● **What the task asks**
Take the line with "925 silver, moissanite" and every line after it, through the end of the listing, and give them again exactly, pictures excluded.

+--

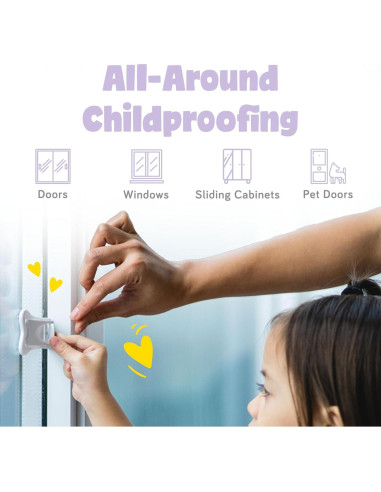 Cerraduras de Seguridad para Niños Ashtonbee - 2 Piezas, Blanco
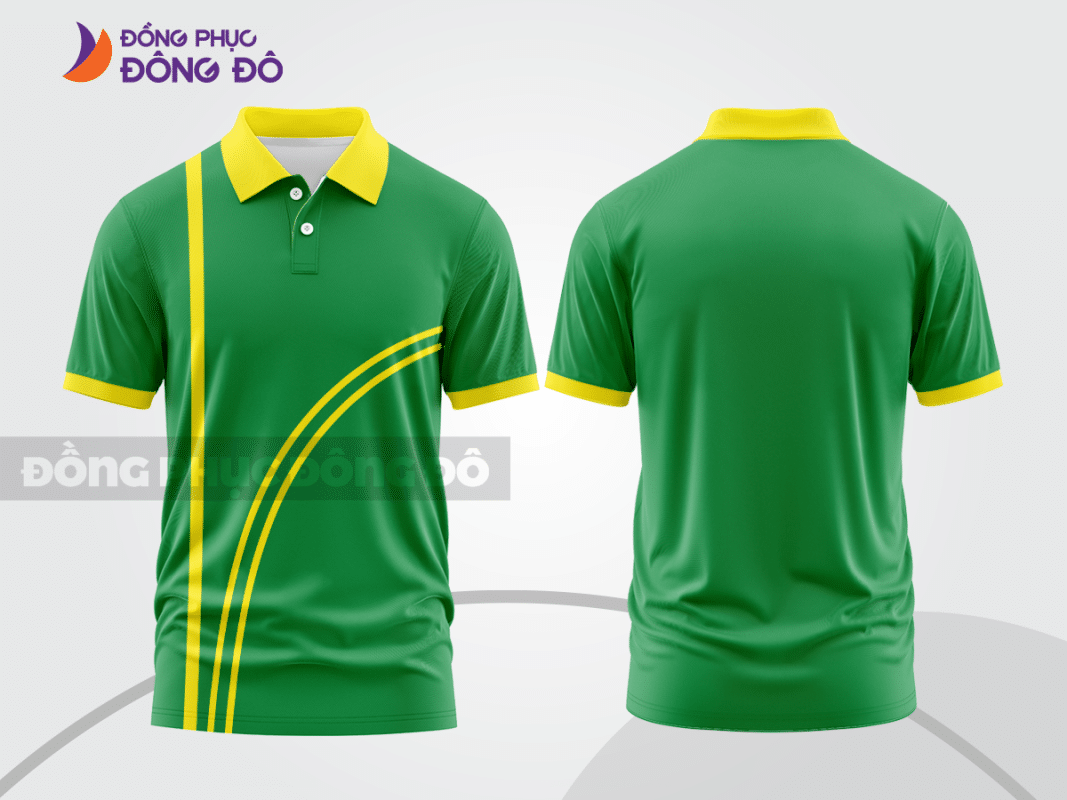 Áo polo đồng phục doanh nghiệp xanh lá phối vàng CTPB1340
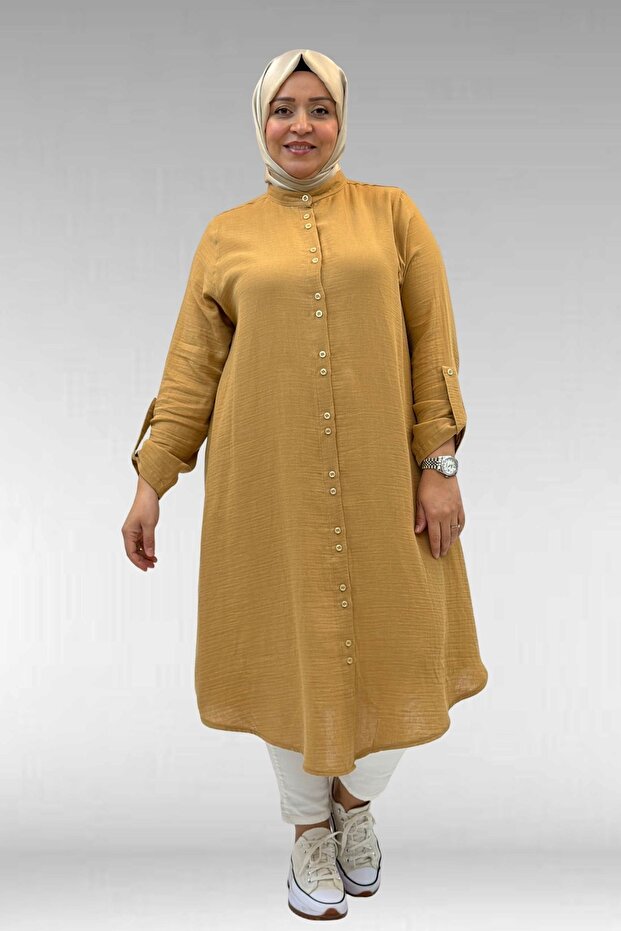 58092 Plus Size Double Button Detailed Muslin Shirt - Biscuit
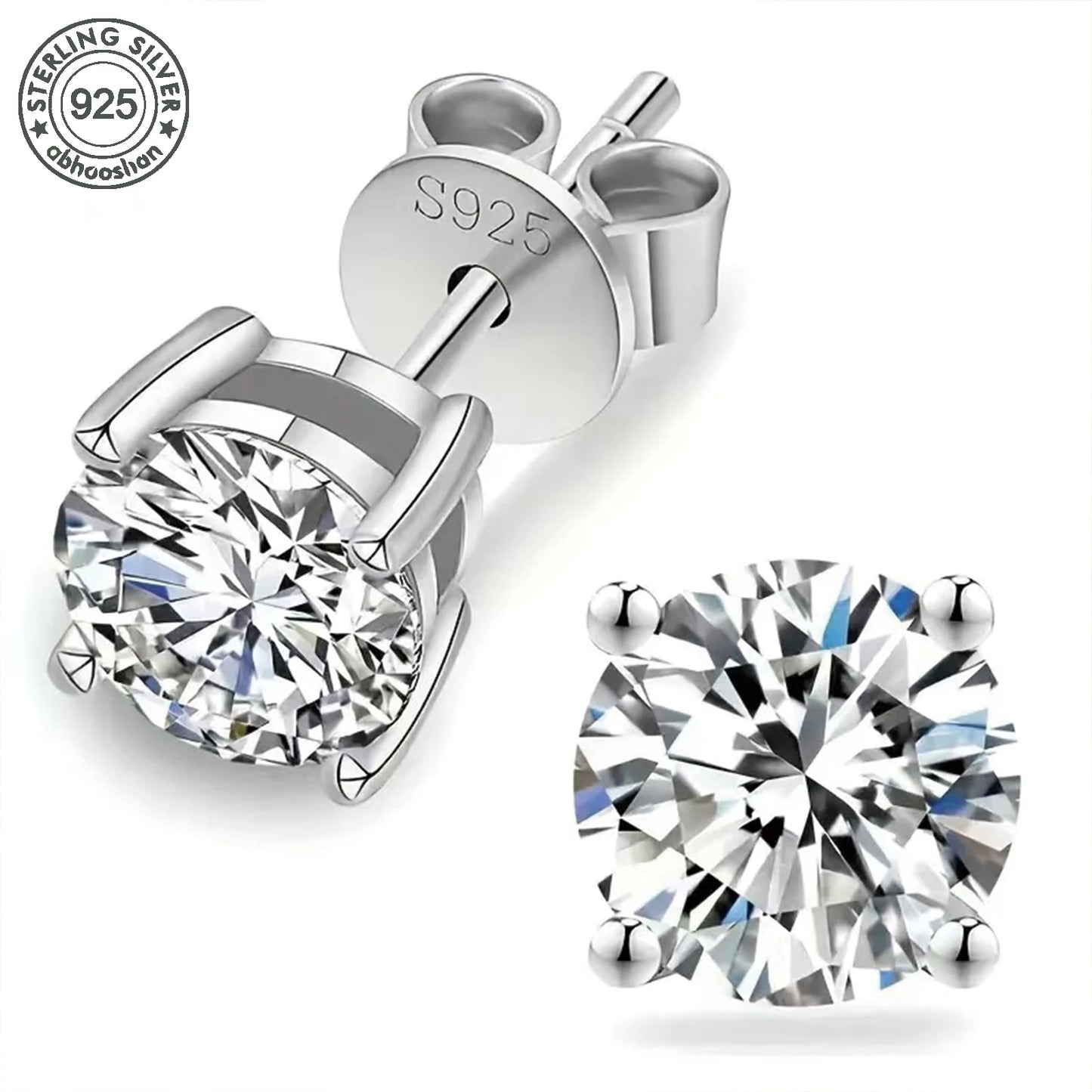 925 silver, moissanite stud earrings,- men's earrings,, set with 6/7/8mm moissanite,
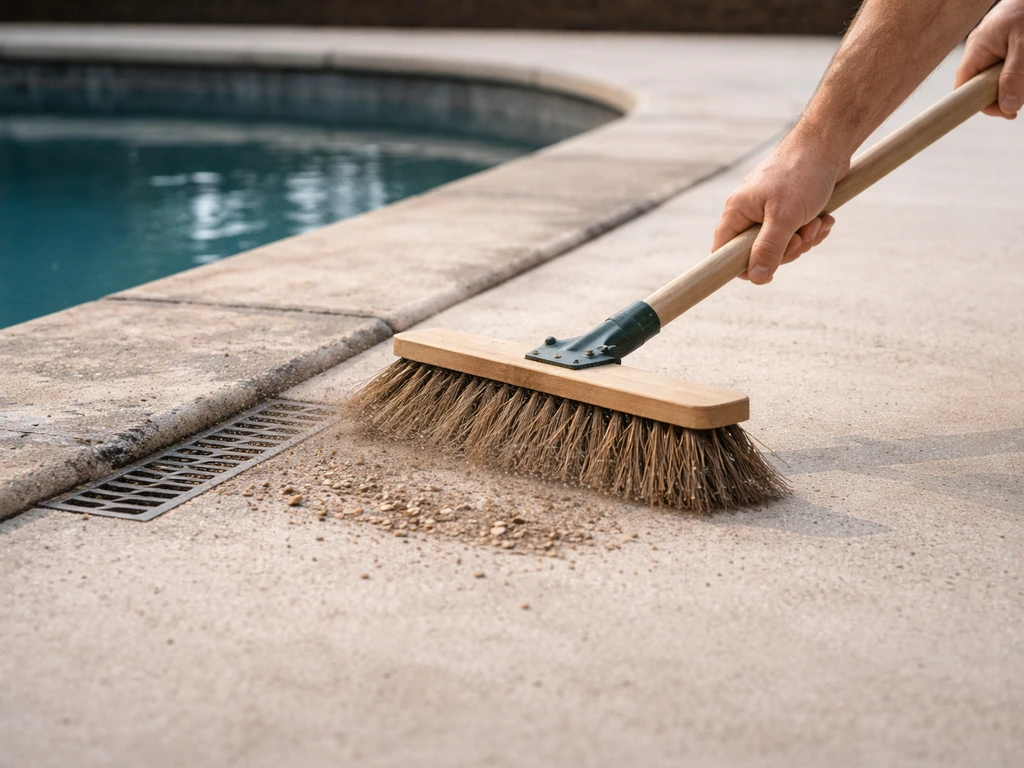 Patio cleaning in progress: person sweeping debris away near pool coping and drain edge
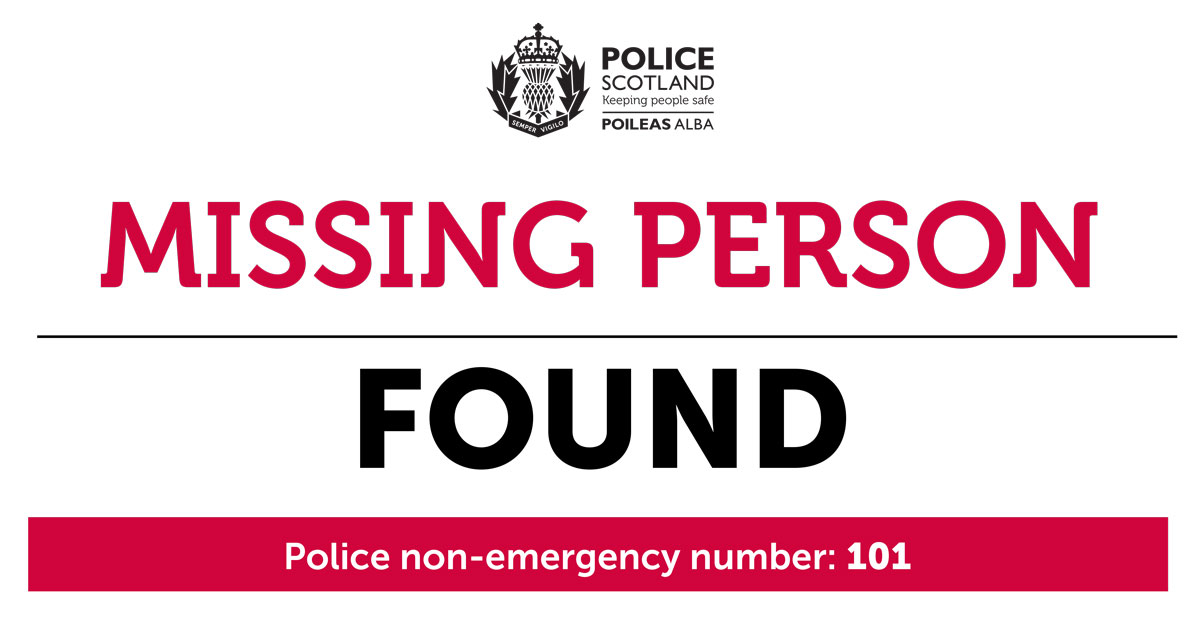 We can confirm Deborah Kitchen, 51 who had been reported missing from Elgin has been traced safe and well. Thank you to everyone who assisted with our earlier appeal for information.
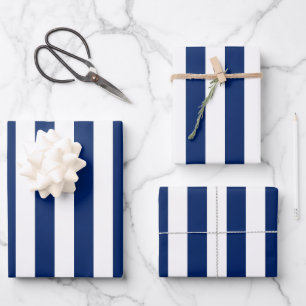 Navy Blue and White Vertical Stripes Wrapping Paper Sheet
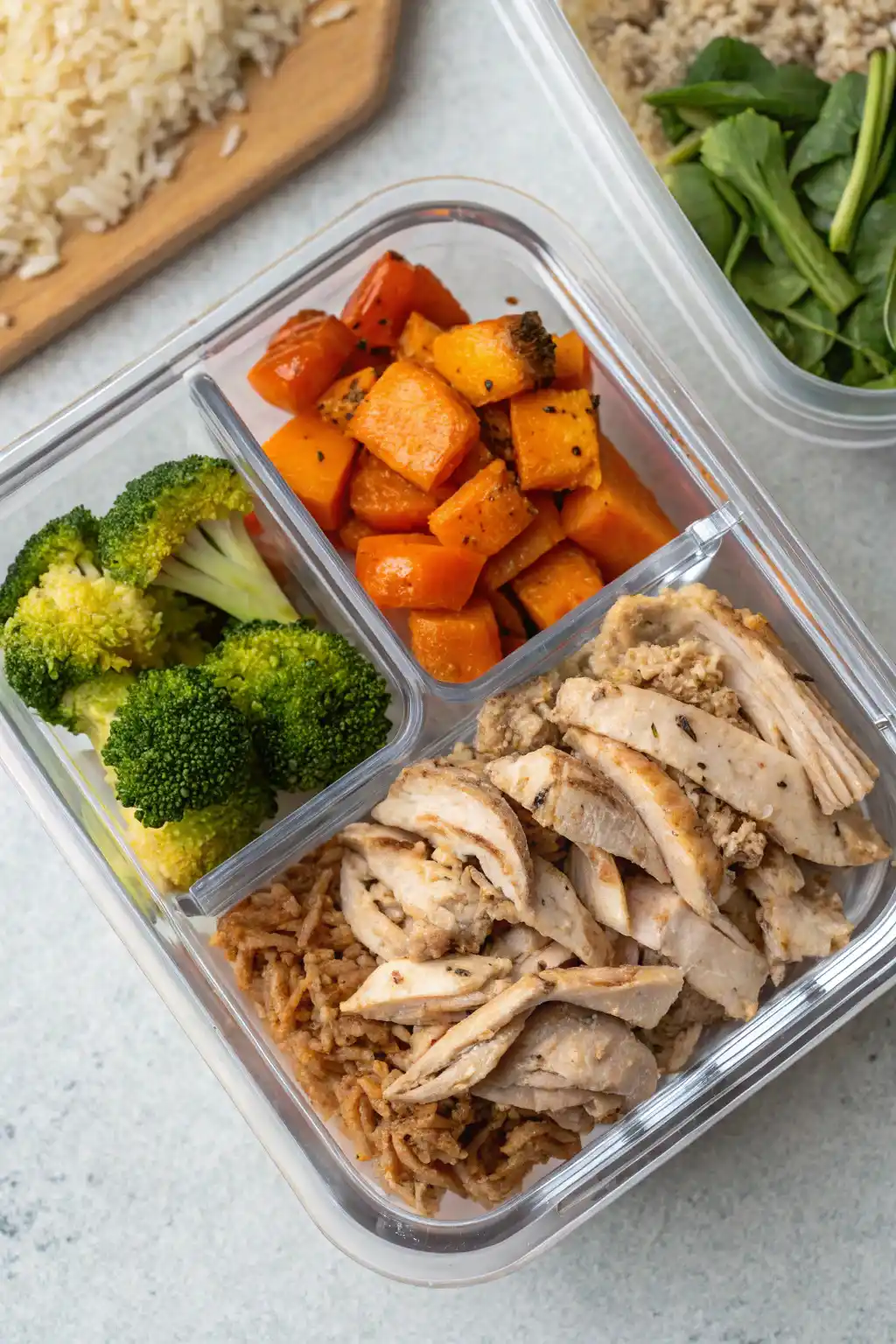 Baked shredded chicken in a meal prep bowl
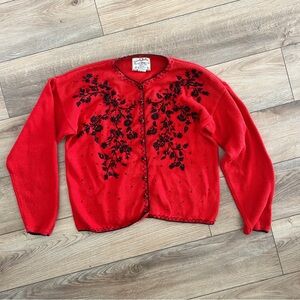Heirloom Collectibles Beaded Floral Red Cardigan Y2K Holiday Vintage PM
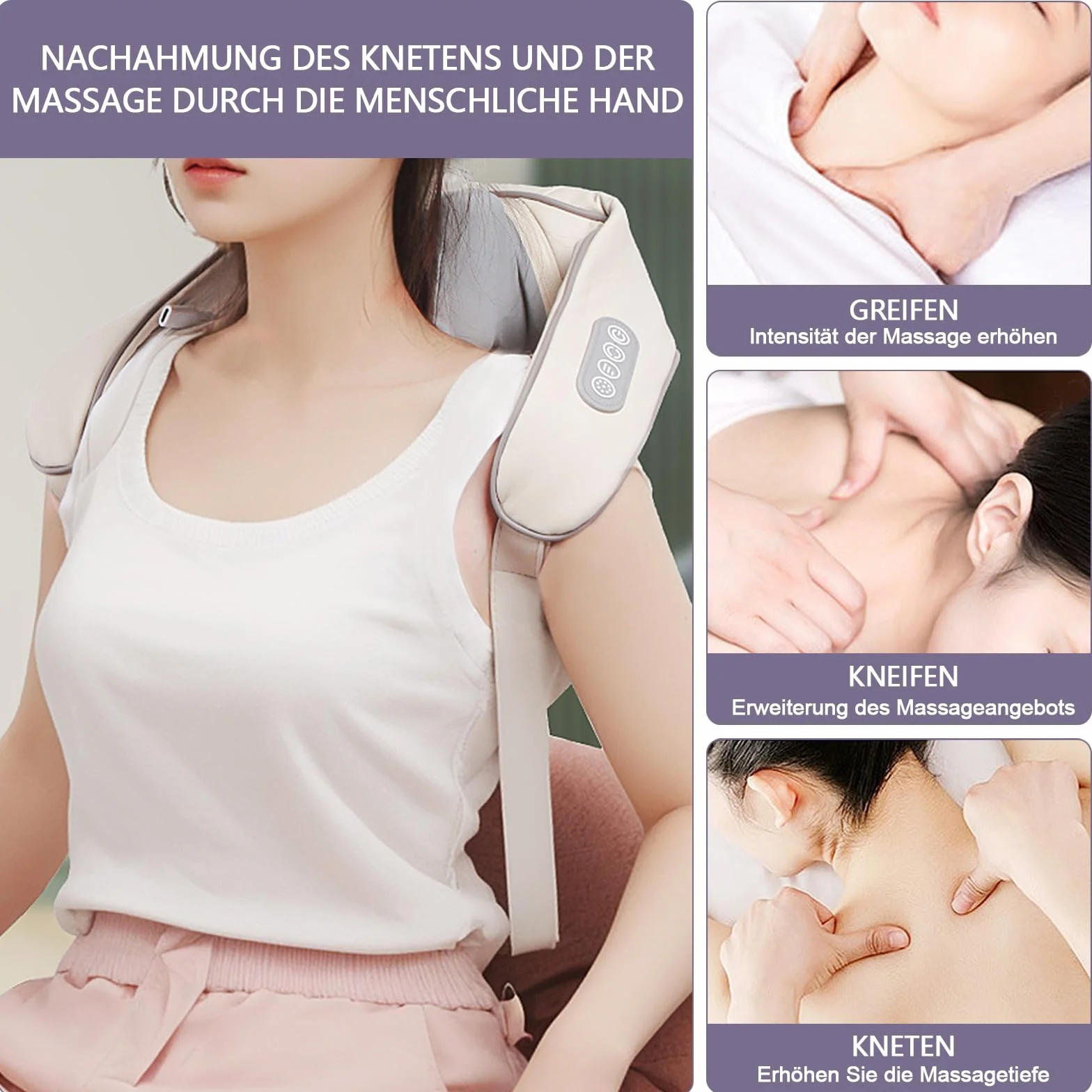 Masażer Shiatsu 6D do ramion i karku, głębokie ugniatanie tkanek, elektryczny do pleców i nóg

+--

● **Reply to the task**
 925 silver, moissanite stud earrings,- men's earrings,, set with 6/7/8mm moissanite,
 Patio cleaning in progress: person sweeping debris away near pool coping and drain edge
 We can confirm Deborah Kitchen, 51 who had been reported missing from Elgin has been traced safe and well. Thank you to everyone who assisted with our earlier appeal for information.
 Navy Blue and White Vertical Stripes Wrapping Paper Sheet
 Baked shredded chicken in a meal prep bowl
Heirloom Collectibles Beaded Floral Red Cardigan Y2K Holiday Vintage PM
 Masażer Shiatsu 6D do ramion i karku, głębokie ugniatanie tkanek, elektryczny do pleców i nóg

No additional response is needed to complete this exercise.